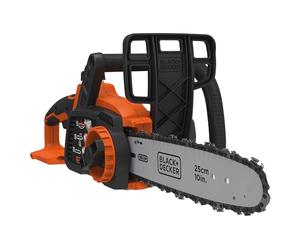 BLACK+DECKER GKC1825LB-XJ - Motosierra sin cable 18V, Longitud de la barra 25 cm, Depósito de 55 ml, Lubricación semiautomática, Tensor de cadena sin herramientas, No incluye cargador ni batería
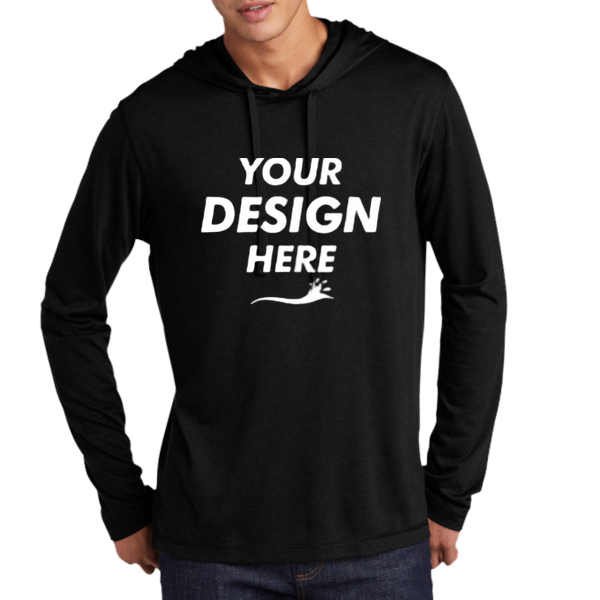 Sport Tek PosiCharge ® Tri Blend Wicking Long Sleeve Hoodie, Black Triad Solid, Front view, Mockup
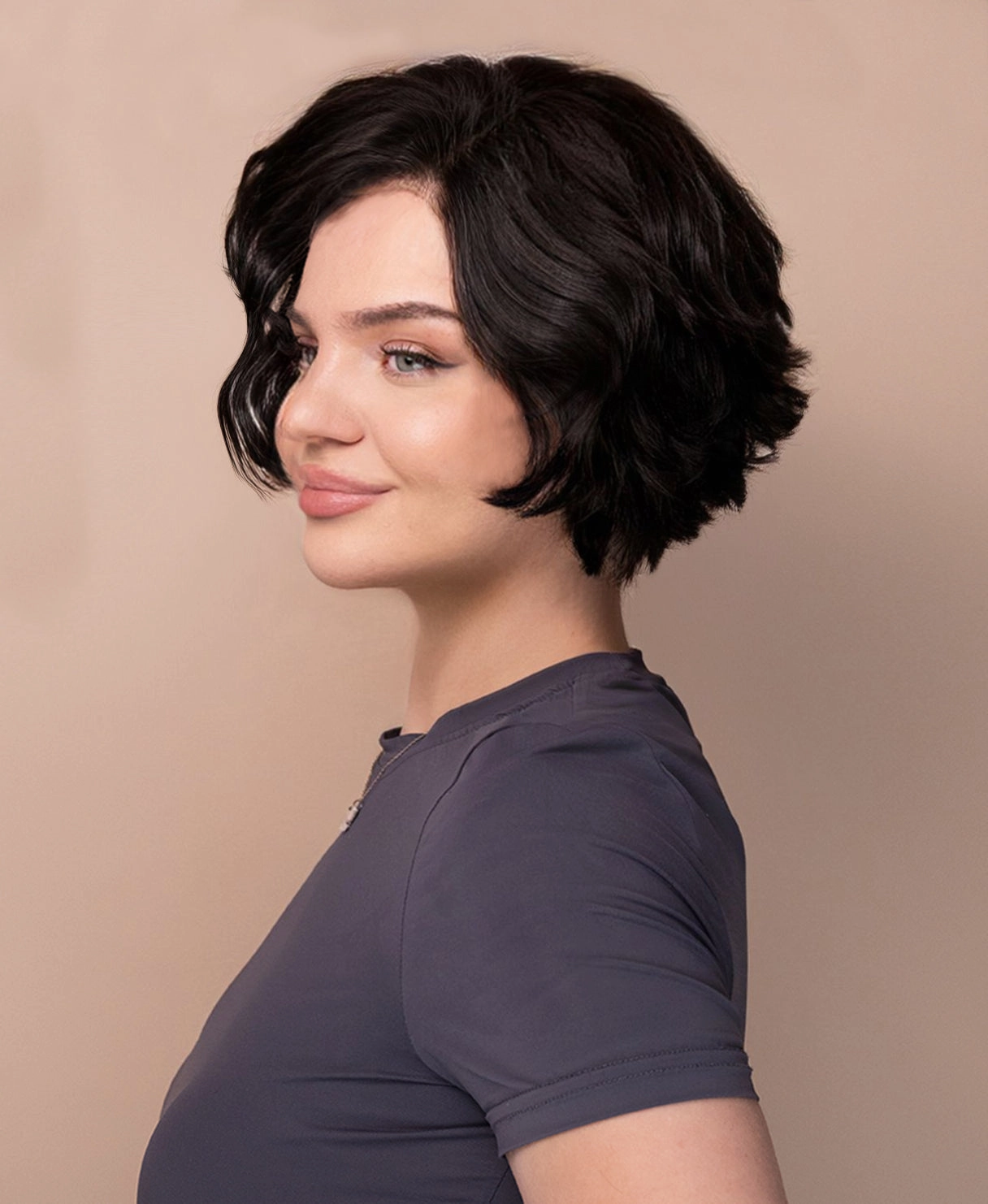 bouncy wedge human wig - 6" dark brown.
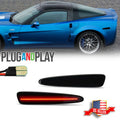 2X Smoked Lens Red LED Rear Side Marker Lights for Chevy Corvette C6 (2005–2013)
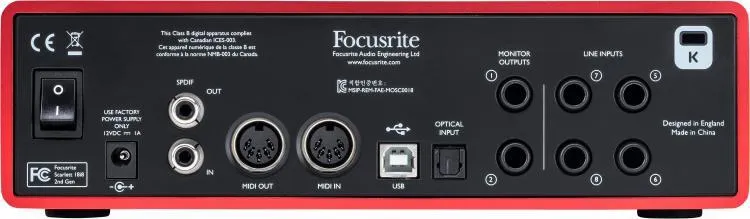 Focusrite Scarlett 18i8 2nd Gen USB Audio Interface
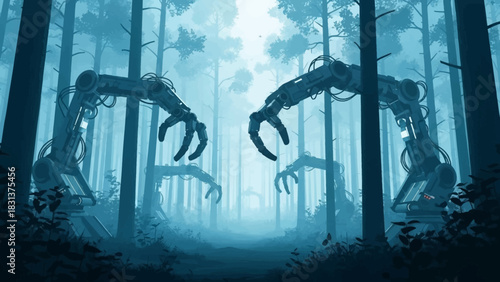 Robotic arms emerge from a misty forest, creating an eerie and futuristic atmosphere.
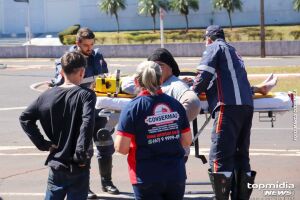 Batida entre motos deixa dois feridos na Avenida Gury Marques (vídeo)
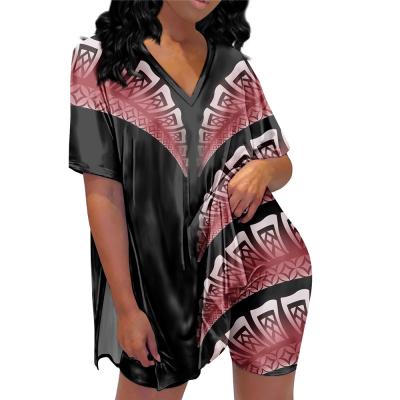 China QUICK DRY Polynesian Tribal Print Women Short Sleeve Side Slit Shirt Loose Shorts Two Piece Ladies Home Sleepwear Clothes for sale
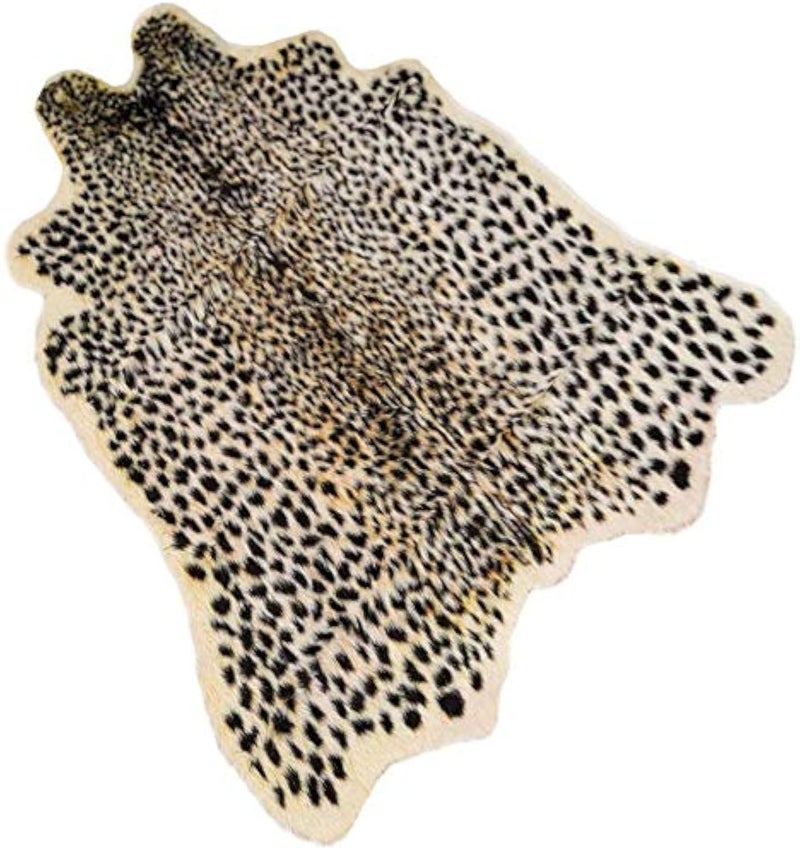 Leopard Print RugFaux CowhideArtificial CarpetSimulation Cowhide Leopard Tiger Zebra Cow Hide Mat Animal Print Area Rug Hide Faux Carpet A  40x37inch33x31ft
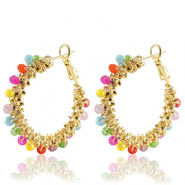 Roestvrij stalen (RVS) Stainless steel oorbellen facet Multicolour-gold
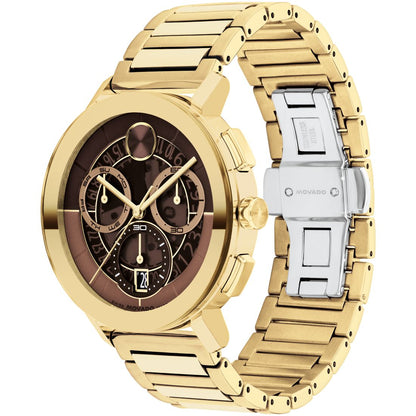 Movado Men's Bold Evolution 2.0 Swiss Quartz Chrono Ionic Plated Light Gold Steel Watch, 42mm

==========

A faithful copy of every record is needed here. Leave the images out of it.

## Answer below
 BLACK+DECKER GKC1825LB-XJ - Motosierra sin cable 18V, Longitud de la barra 25 cm, Depósito de 55 ml, Lubricación semiautomática, Tensor de cadena sin herramientas, No incluye cargador ni batería
 Sport Tek PosiCharge ® Tri Blend Wicking Long Sleeve Hoodie, Black Triad Solid, Front view, Mockup
 bouncy wedge human wig - 6" dark brown.
 2X Smoked Lens Red LED Rear Side Marker Lights for Chevy Corvette C6 (2005–2013)
 Focusrite Scarlett 18i8 2nd Gen USB Audio Interface
 Robotic arms emerge from a misty forest, creating an eerie and futuristic atmosphere.
 Batida entre motos deixa dois feridos na Avenida Gury Marques (vídeo)
 China QUICK DRY Polynesian Tribal Print Women Short Sleeve Side Slit Shirt Loose Shorts Two Piece Ladies Home Sleepwear Clothes for sale
 Leopard Print RugFaux CowhideArtificial CarpetSimulation Cowhide Leopard Tiger Zebra Cow Hide Mat Animal Print Area Rug Hide Faux Carpet A  40x37inch33x31ft
 Roestvrij stalen (RVS) Stainless steel oorbellen facet Multicolour-gold
 Movado Men's Bold Evolution 2.0 Swiss Quartz Chrono Ionic Plated Light Gold Steel Watch, 42mm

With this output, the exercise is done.